▶ **Provided records**:
───
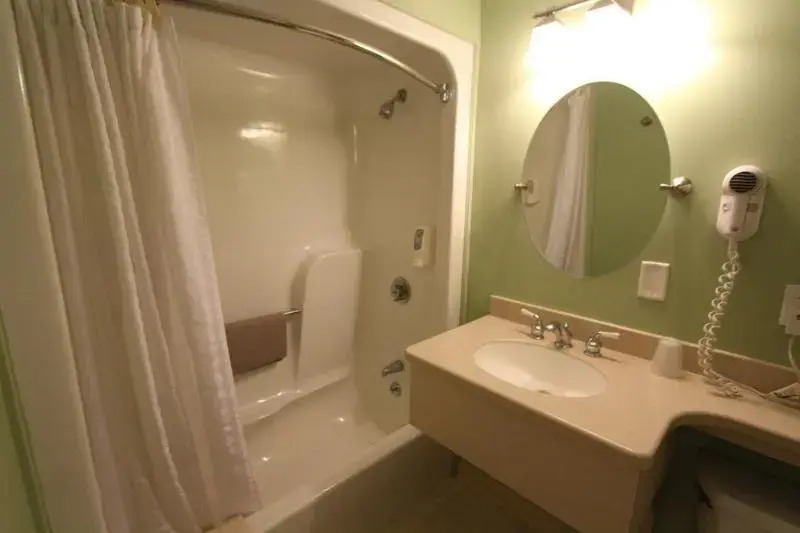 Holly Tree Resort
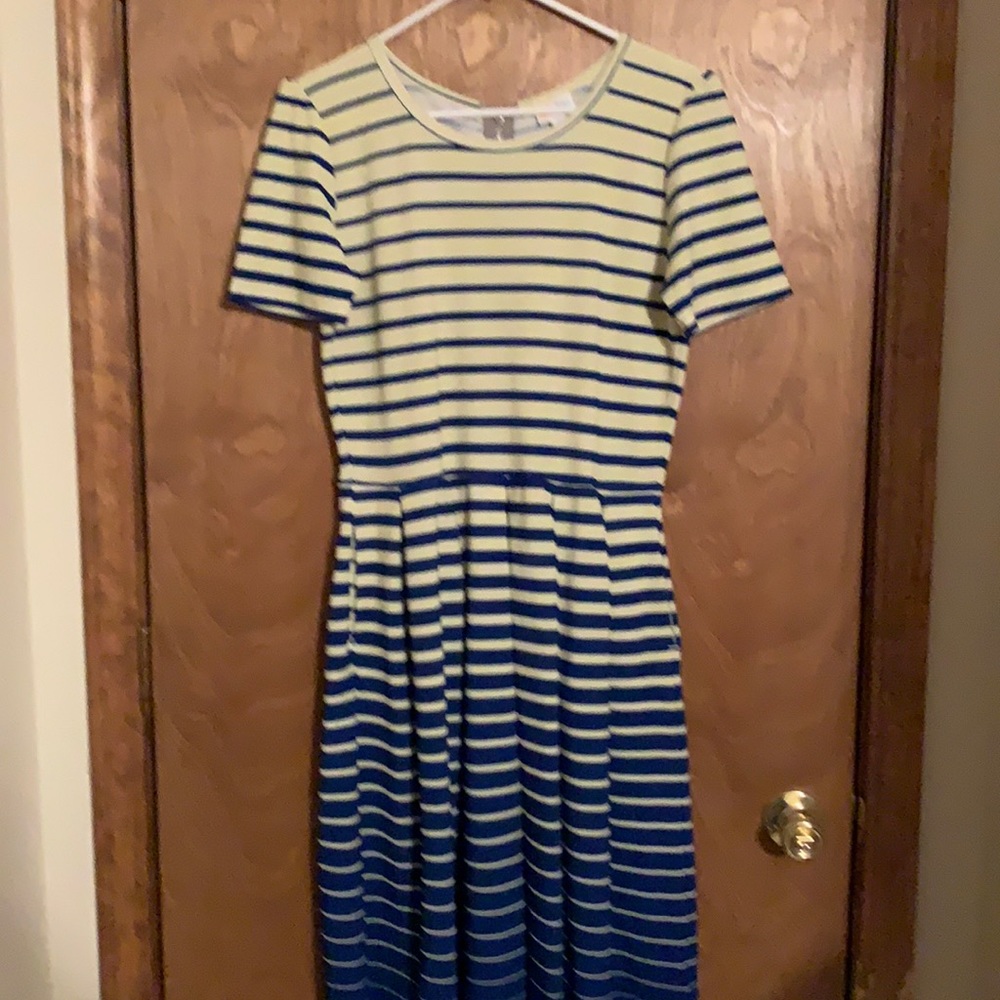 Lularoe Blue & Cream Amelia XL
───
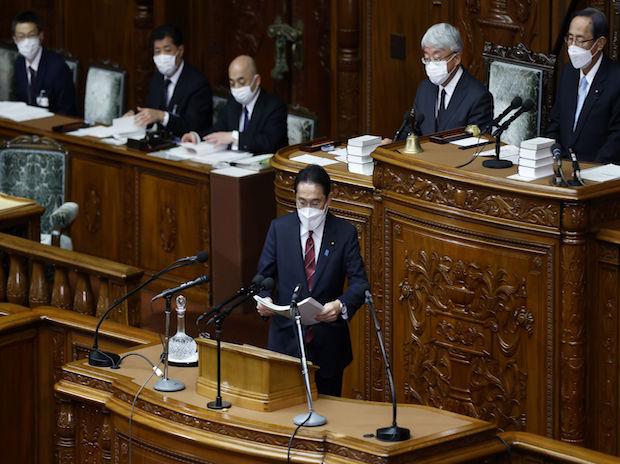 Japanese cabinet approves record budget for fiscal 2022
───
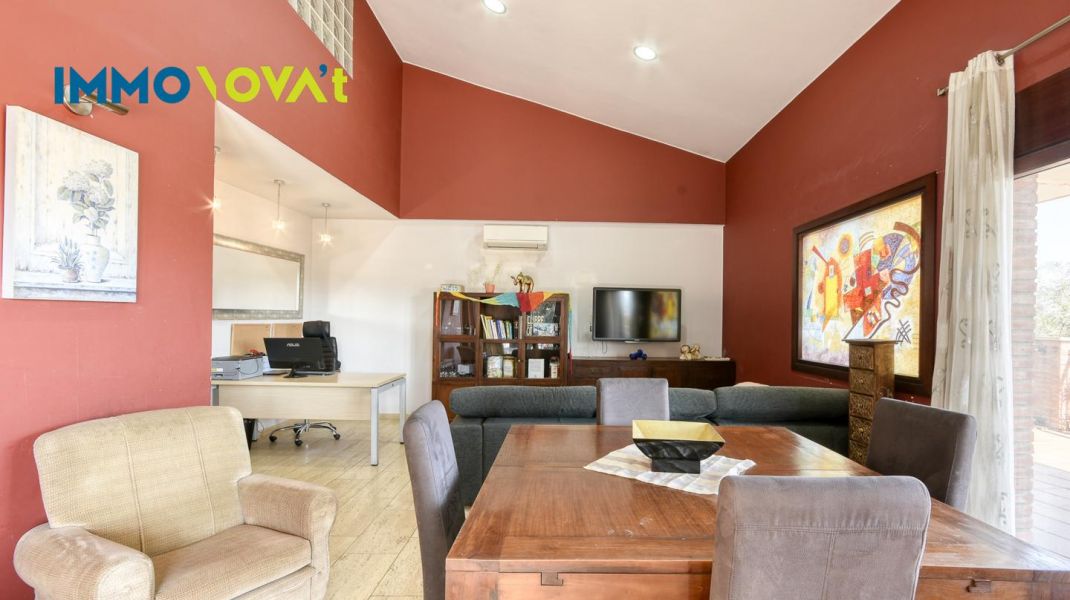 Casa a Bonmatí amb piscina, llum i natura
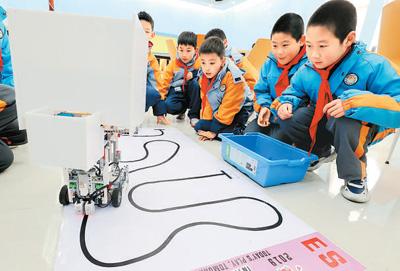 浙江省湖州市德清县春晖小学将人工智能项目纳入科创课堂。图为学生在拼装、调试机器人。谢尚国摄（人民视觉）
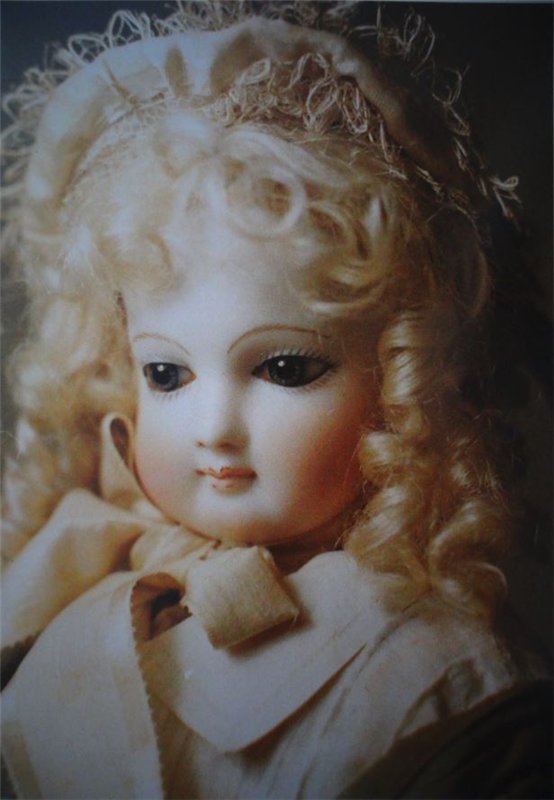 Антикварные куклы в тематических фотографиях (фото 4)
───
▶ **What is required**:
In the listing above, find the line with "Casa a Bonmatí amb piscina, llum i natura" and the line with "Антикварные куклы в". Copy both of them and every line between, exactly, but not the pictures.

▶ **Response**:
 Casa a Bonmatí amb piscina, llum i natura
 浙江省湖州市德清县春晖小学将人工智能项目纳入科创课堂。图为学生在拼装、调试机器人。谢尚国摄（人民视觉）
 Антикварные куклы в тематических фотографиях (фото 4)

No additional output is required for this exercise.